Sunday, April 8, 2012

A Humbling Experience

About 7 years ago, I was working on a custom SPC system project.  Our software ran in a semiconductor fab, and was basically responsible for reading in all the measurement data off of the tools and detecting processing errors.  Our users would write thousands of little mini programs that would gather data across the process, do some analysis, and then if they found a problem, could shutdown the tool responsible or stop the lot from further processing.

It was my first release on the project. We had just finished up a 3 month development cycle, and worked through all of our regression and performance tests.  Everything looked good to go, so we tied a bow on it and shipped it to production.

That night at about three in the morning, I got a phone call from my team lead. And I could hear a guy just screaming in the background.  Apparently, we had shut down every tool in the fab.  Our system ground to a screeching halt, and everyone was in a panic.  

Fortunately, we were able to rollback to the prior release and get things running again.  But we still had to figure out what happened.  We spent weeks verifying configuration, profiling performance, and testing with different data.  Then finally, we found a bad slow down that we didn't see before.  Relieved to find the issue, we fixed it quickly, and assured our customers that everything would be ok this time.

Fifteen minutes after installing the new release... the same thing happened.

At this point, our customers were just pissed at us.   They didn't trust us.   And what can you say to that? Oops?

We went back to our performance test, but couldn't reproduce the problem.  And after spending weeks trying to figure it out, and about 15 people on the team sitting pretty much idle, management decided to move ahead with the next release.  But we couldn't ship...

There's an overwhelming feeling that hits you when something like this happens.  A feeling that most of us will instinctively do anything to avoid.  The feeling of failure.
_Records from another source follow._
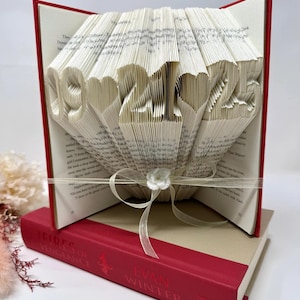 May include: A folded book art sculpture featuring the date 09-21-25 with heart symbols between the numbers. The pages are intricately folded to display the digits. A sheer ribbon with a small white flower is tied around the center of the book.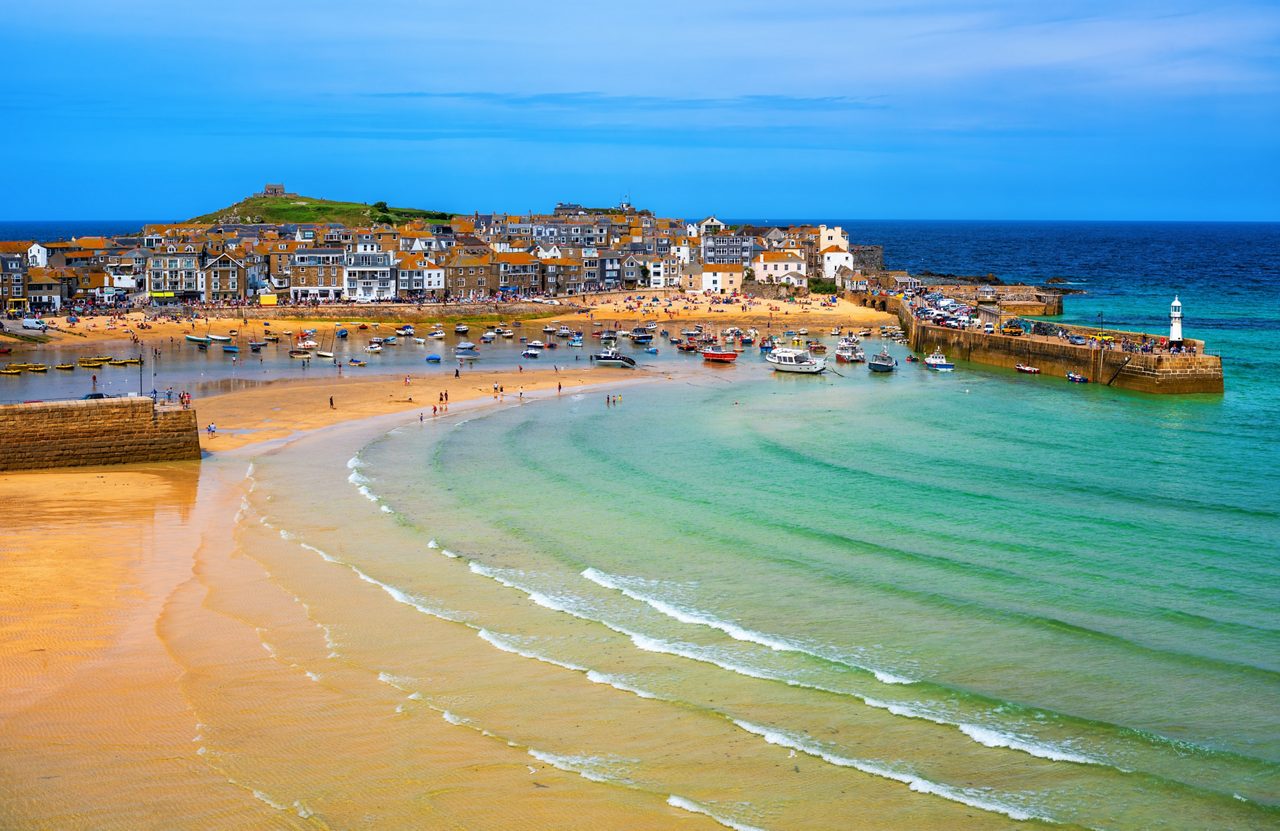 Colorful view of St Ives harbor with sandy beach, boats resting on the shore, clear turquoise water and crowds enjoying the summer sun.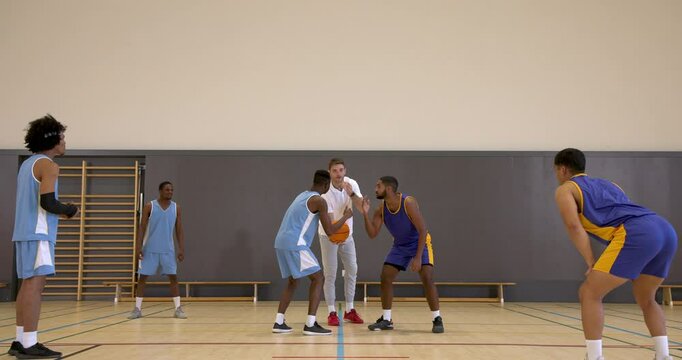 Basketball players in gym preparing for tip-off, focused and ready for action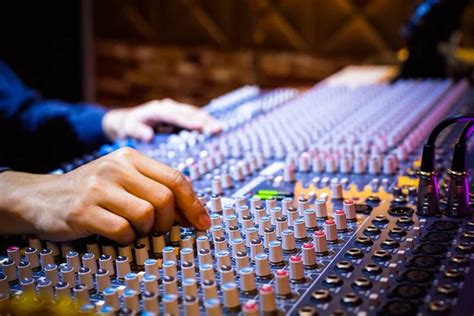 Producer Sound Engineer Hands Working On Audio Mixing Console In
We cope with it and avoid the feeling with blame and anger.   I didn't go and point fingers or yell at anyone, but on the inside, I told myself that I wasn't the one that introduced the defect, that it was someone else that had messed it up for our team.

We did eventually figure it out and get it fixed, but by that time it was already time for the next release, so we just rolled in the patch.  We were extra careful and disciplined about our testing and performance testing, we didn't want the same thing to happen.

At first everything looked ok, but we had a different kind of problem.  It was a latent failure, that didn't manifest until the DBA ran a stats job on a table that crashed our system... again.   But this time, it was my code, my changes, and my fault.

There was nobody else I could blame but myself...  I felt completely crushed.

I remember sitting in a dark meeting room with my boss, trying to hold it in.  I didn't want to cry at work, but that only lasted so long.  I sat there sniffling, while he gave me some of the best advice of my life.

"I know it sucks... but it's what you do now that matters.  You can put it behind you, and try to let it go... or face the failure with courage, and learn everything that it has to teach you."

Our tests didn't catch our bugs.  Our code took forever to change.  When we'd try to fix something, sometimes we'd break five other things in the process.  Our customers were scared to install our software.  And nothing says failure more than bringing down production the last 3 times that we tried to ship!

That's where we started...

After 3 years we went from chaos, brittleness and fear to predictable, quality releases.  We did it.  The key to making it all happen, wasn't the process, the tools, or the automation.  It was about facing our failures.  Understanding our mistakes.  Understanding ourselves.  We spent those 3 years learning and working to prevent the causes of our mistakes.